> **EXERCISE OBJECTIVE**
Where the line with "La Roche Posay" appears below, start writing out lines exactly, and finish with the line with "Millie Bobby Brown", which is included; write out nothing else.

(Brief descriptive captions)
■ ■ ■ ■ ■ ■ ■

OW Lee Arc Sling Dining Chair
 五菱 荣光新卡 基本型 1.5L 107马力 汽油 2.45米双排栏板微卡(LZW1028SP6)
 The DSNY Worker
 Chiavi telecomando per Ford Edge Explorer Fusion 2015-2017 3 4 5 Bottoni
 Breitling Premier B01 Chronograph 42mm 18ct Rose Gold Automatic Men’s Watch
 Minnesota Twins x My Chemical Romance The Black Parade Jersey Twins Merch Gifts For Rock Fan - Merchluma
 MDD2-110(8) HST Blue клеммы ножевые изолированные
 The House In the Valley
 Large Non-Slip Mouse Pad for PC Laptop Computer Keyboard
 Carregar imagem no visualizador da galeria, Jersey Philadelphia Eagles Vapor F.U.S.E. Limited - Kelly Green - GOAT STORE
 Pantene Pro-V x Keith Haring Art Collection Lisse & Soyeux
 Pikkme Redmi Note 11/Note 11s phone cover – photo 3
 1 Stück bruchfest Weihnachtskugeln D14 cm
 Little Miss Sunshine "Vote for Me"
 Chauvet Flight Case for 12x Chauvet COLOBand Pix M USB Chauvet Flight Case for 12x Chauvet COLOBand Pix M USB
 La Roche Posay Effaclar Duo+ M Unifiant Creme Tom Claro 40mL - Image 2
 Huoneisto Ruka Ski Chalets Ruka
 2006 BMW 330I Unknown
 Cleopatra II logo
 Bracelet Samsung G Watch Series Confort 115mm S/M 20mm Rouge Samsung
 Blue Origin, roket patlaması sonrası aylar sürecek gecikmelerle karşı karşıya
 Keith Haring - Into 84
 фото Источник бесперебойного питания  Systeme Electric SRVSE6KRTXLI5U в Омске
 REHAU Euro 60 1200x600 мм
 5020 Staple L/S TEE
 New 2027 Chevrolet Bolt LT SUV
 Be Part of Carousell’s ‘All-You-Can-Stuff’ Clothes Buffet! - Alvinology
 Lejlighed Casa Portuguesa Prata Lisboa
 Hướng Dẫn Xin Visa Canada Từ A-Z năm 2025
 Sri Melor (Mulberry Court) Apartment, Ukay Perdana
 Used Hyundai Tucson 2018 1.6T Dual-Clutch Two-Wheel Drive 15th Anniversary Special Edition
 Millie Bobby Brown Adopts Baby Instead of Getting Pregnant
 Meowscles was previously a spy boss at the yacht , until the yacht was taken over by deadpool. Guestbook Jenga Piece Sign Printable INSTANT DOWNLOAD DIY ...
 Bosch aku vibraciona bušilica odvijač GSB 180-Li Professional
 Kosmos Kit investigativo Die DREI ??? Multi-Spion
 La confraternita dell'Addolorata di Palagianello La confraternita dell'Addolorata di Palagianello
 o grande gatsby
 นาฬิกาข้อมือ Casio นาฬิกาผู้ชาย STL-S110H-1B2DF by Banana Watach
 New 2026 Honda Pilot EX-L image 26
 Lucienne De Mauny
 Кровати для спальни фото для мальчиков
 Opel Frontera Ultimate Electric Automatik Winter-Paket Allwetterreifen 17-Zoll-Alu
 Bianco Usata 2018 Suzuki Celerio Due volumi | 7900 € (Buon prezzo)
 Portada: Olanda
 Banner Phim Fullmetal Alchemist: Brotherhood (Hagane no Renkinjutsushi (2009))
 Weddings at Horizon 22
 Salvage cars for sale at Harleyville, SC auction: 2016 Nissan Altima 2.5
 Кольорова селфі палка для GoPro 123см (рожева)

■ ■ ■ ■ ■ ■ ■

> **SOLVED PROBLEM**
 La Roche Posay Effaclar Duo+ M Unifiant Creme Tom Claro 40mL - Image 2
 Huoneisto Ruka Ski Chalets Ruka
 2006 BMW 330I Unknown
 Cleopatra II logo
 Bracelet Samsung G Watch Series Confort 115mm S/M 20mm Rouge Samsung
 Blue Origin, roket patlaması sonrası aylar sürecek gecikmelerle karşı karşıya
 Keith Haring - Into 84
 фото Источник бесперебойного питания  Systeme Electric SRVSE6KRTXLI5U в Омске
 REHAU Euro 60 1200x600 мм
 5020 Staple L/S TEE
 New 2027 Chevrolet Bolt LT SUV
 Be Part of Carousell’s ‘All-You-Can-Stuff’ Clothes Buffet! - Alvinology
 Lejlighed Casa Portuguesa Prata Lisboa
 Hướng Dẫn Xin Visa Canada Từ A-Z năm 2025
 Sri Melor (Mulberry Court) Apartment, Ukay Perdana
 Used Hyundai Tucson 2018 1.6T Dual-Clutch Two-Wheel Drive 15th Anniversary Special Edition
 Millie Bobby Brown Adopts Baby Instead of Getting Pregnant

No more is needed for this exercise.